Here’s how you can run the autoverify_machineid.sh script to test a machine with machine_id 10921:
./autoverify_machineid.sh 10921- API Key Issues: Ensure your API key is correctly set using
./vast set api-key <your-api-key>. - Permission Denied: If you encounter permission issues, make sure the script files have executable permissions (
chmod +x <script_name>). - Connection Issues: Verify your network connection and ensure the Vast.ai CLI can communicate with the Vast.ai servers.
By following this guide, you will be able to use the ./autoverify_machineid.sh script to test individual machines on the Vast.ai marketplace. This process helps ensure that machines meet the required specifications for GPU and system performance, making them candidates for further verification and use in the marketplace.
If you are having problems with your machine not showing its upload and download speed correctly.

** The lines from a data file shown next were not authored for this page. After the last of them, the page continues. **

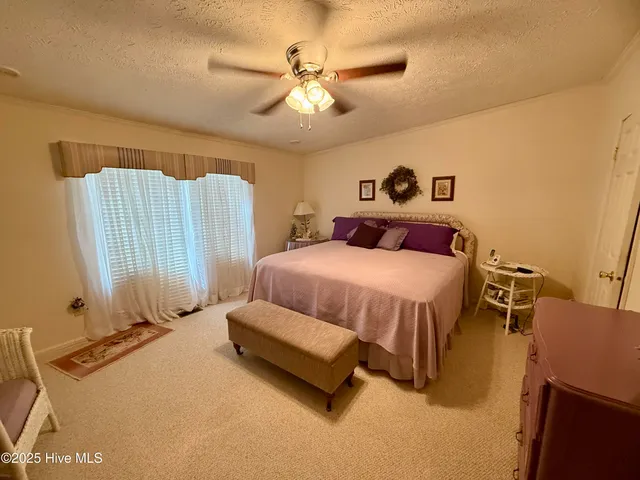 $165,900 | 902 Aberdeen Road, Laurinburg, NC 28352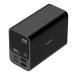 ChoeTech Powerbank B635 27000mAh Dual PD 2*100W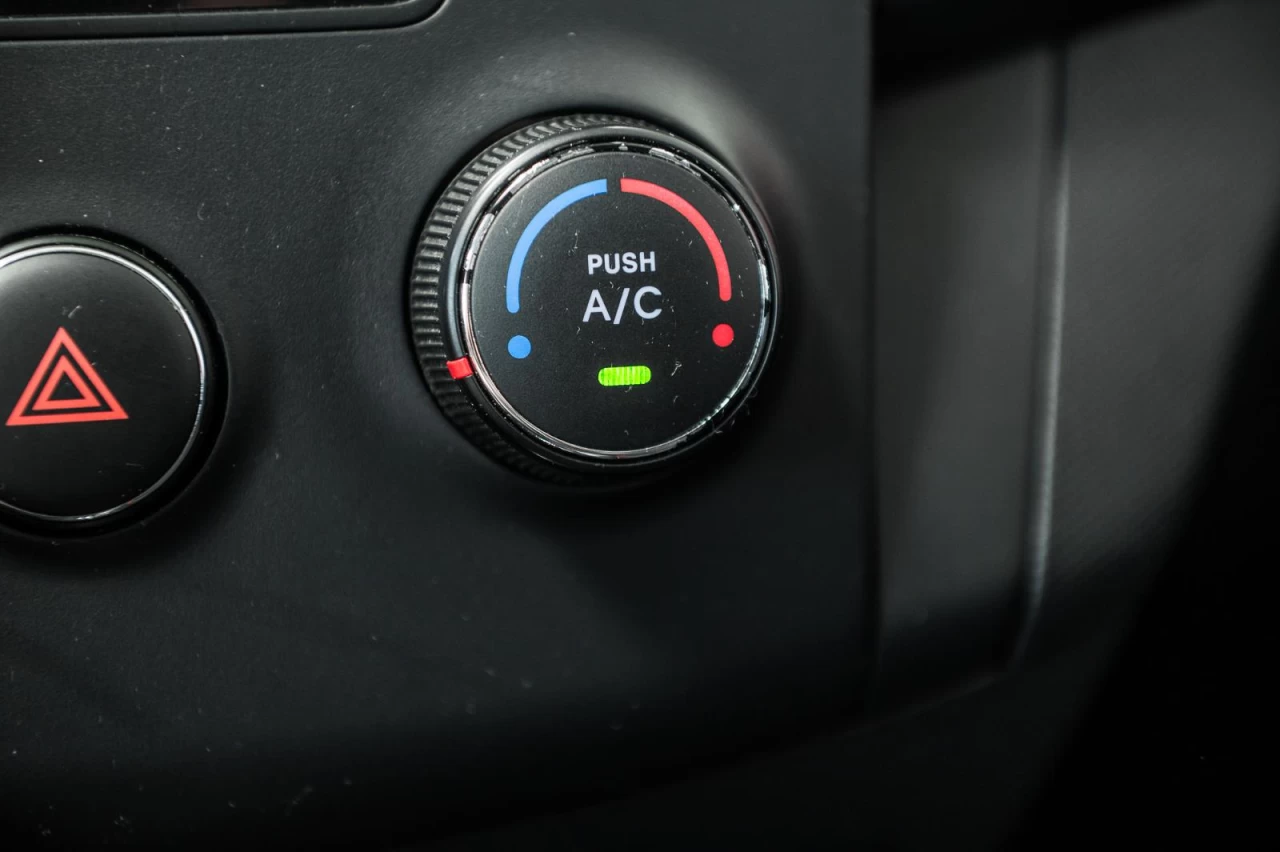 2010 Hyundai Elantra Touring Automatique AUBAINE!!! Main Image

first check if there is a problem by forcing the speedtest to run
cd /var/lib/vastai_kaalia
./send_mach_info.py --speedtest
output should look like this
2024-10-03 08:50:04.587469
os version
running df
checking errors
nvidia-smi
560035003
/usr/bin/fio
checking speedtest
/usr/bin/speedtest
speedtest
running speedtest on random server id 19897
{"type":"result","timestamp":"2024-10-03T08:50:24Z","ping":{"jitter":0.243,"latency":21.723,"low":21.526,"high":22.047},"download":{"bandwidth":116386091,"bytes":1010581968,"elapsed":8806,"latency":{"iqm":22.562,"low":20.999,"high":296.975,"jitter":3.976}},"upload":{"bandwidth":116439919,"bytes":980885877,"elapsed":8508,"latency":{"iqm":36.457,"low":6.852,"high":349.495,"jitter":34.704}},"packetLoss":0,"isp":"Vox Telecom","interface":{"internalIp":"192.168.1.101","name":"bond0","macAddr":"F2:6A:67:0C:85:8B","isVpn":false,"externalIp":"41.193.204.66"},"server":{"id":19897,"host":"speedtest.wibernet.co.za","port":8080,"name":"Wibernet","location":"Cape Town","country":"South Africa","ip":"102.165.64.110"},"result":{"id":"18bb02e4-466d-43dd-b1fc-3f106319a9f6","url":"https://www.speedtest.net/result/c/18bb02e4-466d-43dd-b1fc-3f106319a9f6","persisted":true}}
....
If the above speedtest does not work, you can try to install an alternative newer one. Due to the newer speed test output not having the same format, a script will translate it so that Vast.ai can use the new speed test. All the commands combined
bash -c "sudo apt-get install curl -y && sudo curl -s https://packagecloud.io/install/repositories/ookla/speedtest-cli/script.deb.sh | sudo bash && sudo apt-get install speedtest -y && sudo apt install python3 -y && cd /var/lib/vastai_kaalia/latest && sudo mv speedtest-cli speedtest-cli.old && sudo wget -O speedtest-cli https://raw.githubusercontent.com/jjziets/vasttools/main/speedtest-cli.py && sudo chmod +x speedtest-cli"
or step by step
sudo apt-get install curl
sudo curl -s https://packagecloud.io/install/repositories/ookla/speedtest-cli/script.deb.sh | sudo bash
sudo apt-get install speedtest -y
sudo apt install python3 -y
cd /var/lib/vastai_kaalia/latest
sudo mv speedtest-cli speedtest-cli.old
sudo wget -O speedtest-cli https://raw.githubusercontent.com/jjziets/vasttools/main/speedtest-cli.py
sudo chmod +x speedtest-cli
This updates your speed test to the newer one and translates the output so that the Vast daemon can use it. If you now get slower speeds, follow this:
## If migrating from prior bintray install instructions please first...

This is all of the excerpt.